バーバンクサウンドの影の立役者、
ロン・エリオットが残した、
唯一のソロ作
『キャンドルスティックメイカー』は
隠れた名盤
変な冒頭の書き方になってしまったが、今回ご紹介するアルバムも、昨年末にそんなふうに再会してしまった名盤で、救出ついでに少しでも日の目を見せてあげたくなって、紹介することにしました。ロン・エリオットの『キャンドルスティックメイカー(原題:The Candlestickmaker)』(’69)、知る人ぞ知るSSW名盤です。
とはいえ、ロン・エリオットのことを思い、書き、さらに「ロン・エリオット」と名前をつぶやいてみたとしても、この瞬間にそんなことをしているのは広い世界を見回しても、たぶん自分しかいないだろう…。それくらい一般に彼は知られていないし、米英のロックやフォーク、ポピュラーミュージックならそこそこ知っていると自ら標榜している人たちにさえ、彼は気づかれずにいる。それはとても残念なことだ。ロン・エリオットに対してノーマークでいることは、本当にもったいない。

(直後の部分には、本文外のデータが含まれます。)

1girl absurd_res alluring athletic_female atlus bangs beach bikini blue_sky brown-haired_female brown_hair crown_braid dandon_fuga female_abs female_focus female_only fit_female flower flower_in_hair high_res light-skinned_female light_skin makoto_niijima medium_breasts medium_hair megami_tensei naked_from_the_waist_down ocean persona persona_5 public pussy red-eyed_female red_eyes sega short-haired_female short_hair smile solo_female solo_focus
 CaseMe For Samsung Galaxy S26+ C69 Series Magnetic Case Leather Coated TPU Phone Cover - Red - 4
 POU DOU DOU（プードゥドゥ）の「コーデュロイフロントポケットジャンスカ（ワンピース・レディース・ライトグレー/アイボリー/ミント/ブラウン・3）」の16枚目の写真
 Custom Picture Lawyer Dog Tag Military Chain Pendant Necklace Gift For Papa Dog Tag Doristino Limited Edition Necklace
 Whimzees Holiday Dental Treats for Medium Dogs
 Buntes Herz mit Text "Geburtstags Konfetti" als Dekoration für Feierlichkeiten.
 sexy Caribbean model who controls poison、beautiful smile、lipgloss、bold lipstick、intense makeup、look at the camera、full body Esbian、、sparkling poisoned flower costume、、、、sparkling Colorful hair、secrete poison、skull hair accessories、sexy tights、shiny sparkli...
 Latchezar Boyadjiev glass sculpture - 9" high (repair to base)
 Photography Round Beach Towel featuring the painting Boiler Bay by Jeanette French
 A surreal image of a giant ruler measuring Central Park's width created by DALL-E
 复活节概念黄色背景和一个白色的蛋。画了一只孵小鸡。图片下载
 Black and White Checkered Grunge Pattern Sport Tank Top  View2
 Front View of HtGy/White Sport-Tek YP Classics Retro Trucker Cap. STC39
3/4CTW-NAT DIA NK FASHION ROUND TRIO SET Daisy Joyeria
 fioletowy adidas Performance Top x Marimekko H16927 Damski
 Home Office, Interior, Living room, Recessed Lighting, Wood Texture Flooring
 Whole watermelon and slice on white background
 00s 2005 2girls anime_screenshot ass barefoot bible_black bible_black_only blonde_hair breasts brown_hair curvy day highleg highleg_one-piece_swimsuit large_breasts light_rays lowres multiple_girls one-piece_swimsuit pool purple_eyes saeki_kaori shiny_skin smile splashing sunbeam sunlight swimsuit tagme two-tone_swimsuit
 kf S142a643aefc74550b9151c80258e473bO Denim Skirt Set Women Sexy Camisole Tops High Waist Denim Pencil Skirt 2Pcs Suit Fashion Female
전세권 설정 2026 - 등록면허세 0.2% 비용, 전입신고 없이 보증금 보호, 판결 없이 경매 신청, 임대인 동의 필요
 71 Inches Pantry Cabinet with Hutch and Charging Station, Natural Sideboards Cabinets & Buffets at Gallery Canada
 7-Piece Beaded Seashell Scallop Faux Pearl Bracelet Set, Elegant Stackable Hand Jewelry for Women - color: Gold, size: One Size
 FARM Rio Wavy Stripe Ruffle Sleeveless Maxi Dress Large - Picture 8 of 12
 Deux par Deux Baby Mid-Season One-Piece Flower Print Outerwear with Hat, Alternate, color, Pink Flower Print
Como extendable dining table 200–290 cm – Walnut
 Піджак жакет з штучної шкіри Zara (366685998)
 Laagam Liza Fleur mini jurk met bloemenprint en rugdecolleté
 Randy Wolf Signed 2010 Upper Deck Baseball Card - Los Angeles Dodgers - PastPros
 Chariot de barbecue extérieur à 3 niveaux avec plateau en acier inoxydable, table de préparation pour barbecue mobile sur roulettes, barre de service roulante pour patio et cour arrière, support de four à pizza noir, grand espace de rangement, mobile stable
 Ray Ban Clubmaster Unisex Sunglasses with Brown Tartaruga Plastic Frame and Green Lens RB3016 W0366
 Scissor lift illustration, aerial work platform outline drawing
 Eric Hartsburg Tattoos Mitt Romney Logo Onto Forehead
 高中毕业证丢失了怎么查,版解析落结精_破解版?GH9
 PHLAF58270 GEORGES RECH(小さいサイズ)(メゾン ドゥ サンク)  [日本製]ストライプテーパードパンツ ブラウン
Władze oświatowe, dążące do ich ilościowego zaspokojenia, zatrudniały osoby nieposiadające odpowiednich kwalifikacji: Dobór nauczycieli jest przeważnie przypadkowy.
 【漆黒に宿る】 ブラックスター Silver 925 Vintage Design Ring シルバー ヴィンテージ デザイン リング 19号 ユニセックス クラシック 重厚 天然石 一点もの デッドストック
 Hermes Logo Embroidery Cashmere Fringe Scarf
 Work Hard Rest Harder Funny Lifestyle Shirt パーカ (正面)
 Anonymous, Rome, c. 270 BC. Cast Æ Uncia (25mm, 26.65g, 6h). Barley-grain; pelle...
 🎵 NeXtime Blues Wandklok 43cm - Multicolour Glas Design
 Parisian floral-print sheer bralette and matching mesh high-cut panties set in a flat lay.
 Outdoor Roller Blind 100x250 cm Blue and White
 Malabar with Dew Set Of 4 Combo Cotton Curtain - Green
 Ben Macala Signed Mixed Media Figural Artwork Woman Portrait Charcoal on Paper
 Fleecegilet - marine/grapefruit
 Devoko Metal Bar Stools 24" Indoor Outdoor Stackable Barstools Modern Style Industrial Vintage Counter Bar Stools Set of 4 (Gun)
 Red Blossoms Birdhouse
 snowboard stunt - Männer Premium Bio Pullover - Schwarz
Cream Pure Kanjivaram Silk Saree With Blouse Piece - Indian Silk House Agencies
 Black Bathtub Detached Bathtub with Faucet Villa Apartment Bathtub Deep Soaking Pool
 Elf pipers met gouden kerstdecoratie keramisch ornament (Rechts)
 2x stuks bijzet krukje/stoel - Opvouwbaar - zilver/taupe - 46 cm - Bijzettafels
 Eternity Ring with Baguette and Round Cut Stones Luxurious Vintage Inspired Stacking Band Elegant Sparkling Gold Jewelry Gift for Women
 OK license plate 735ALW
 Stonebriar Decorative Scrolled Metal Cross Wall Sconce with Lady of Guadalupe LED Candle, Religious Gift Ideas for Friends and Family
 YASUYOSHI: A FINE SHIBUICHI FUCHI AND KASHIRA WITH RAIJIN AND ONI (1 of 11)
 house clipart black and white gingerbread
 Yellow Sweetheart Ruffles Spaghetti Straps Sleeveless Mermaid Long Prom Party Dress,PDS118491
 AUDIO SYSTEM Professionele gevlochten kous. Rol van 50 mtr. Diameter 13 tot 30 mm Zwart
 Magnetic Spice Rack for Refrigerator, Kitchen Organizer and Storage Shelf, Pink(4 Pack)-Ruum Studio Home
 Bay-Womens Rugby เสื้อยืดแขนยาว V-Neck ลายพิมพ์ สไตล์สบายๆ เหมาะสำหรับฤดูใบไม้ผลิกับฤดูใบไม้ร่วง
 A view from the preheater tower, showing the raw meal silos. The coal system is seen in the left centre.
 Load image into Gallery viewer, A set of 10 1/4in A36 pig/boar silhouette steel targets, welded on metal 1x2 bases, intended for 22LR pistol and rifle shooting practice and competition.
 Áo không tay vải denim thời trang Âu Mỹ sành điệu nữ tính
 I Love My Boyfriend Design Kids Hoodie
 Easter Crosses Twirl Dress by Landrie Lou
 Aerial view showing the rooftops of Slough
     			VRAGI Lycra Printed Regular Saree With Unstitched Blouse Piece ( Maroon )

と、偉そうに煽っているが、単純に彼のことが知られずにいることは惜しいし、私は冒頭に書いたように、中古レコードショップで、コーヒー1杯の金額にも満たない値札をつけて売られていたことに憤慨し、つい血圧を上げてしまったわけなのだ。
元祖フォークロックバンド、
ボー・ブランメルズでデビュー
「フォークロック」というジャンルを出してみたのは、ロン・エリオットはかつてその代表格のようなバンド、ボー・ブランメルズ(Beau Brummels)を率い、バンドのほとんどのソングライティングを担当してきたギタリストだったからだ。バンドは1964年に結成され、フォークやカントリーミュージックに、英国のビートバンドからの影響を感じさせるサウンドで知られる。フォークロックということで言えば、ほとんど同時期に結成され、活動期間もほぼ同じザ・バーズ(The Byrds)の存在が知られるが、彼らがボブ・ディランとビートルズの出会いからスタートし、次第にカントリーやブルーグラスに傾倒していったのに対し、ボー・ブランメルズはよりミクスチャー感覚を持ち、映画音楽やソフトロックにも接近しつつ、フォーク、カントリーとロックを結びつけたサウンドを持ち味とした。エリオットが最初に影響を受けたのがジョージ・ガーシュインやカントリーのレフティ・フリーゼルだということを思い起こすと、ブランメルズが提示した音楽性もなるほどと思う。そして、それはやがて“バーバンク”というロス近郊の街の名を冠する音楽の特色とするものだった。
ちなみに、バンドのデビュー曲で、ビルボード最高15位に達するヒットを記録したロン・エリオットのオリジナル「ラーフ・ラーフ(原題:Laugh, Laugh)」(’65)は、当時ラジオDJをしていた、後にスライ&ファミリー・ストーンを率いるシルヴェスター・スチュワート(スライ)がプロデュースを担当している(トリヴィア的なネタかもしれないけれど)。ボー・ブランメルズはトータル6枚のアルバムを残しているのだが、ナッシュヴィルで現地のセッションプレイヤーを招いて制作され、バーズやフライング・ブリトー・ブラザーズより早くカントリーロックを提示したとされる『ブラッドリーズ・バーン(原題:Bradley’s Barn)』(’68)を発表後、エリオットはバンドを脱退し、ソロに転じる。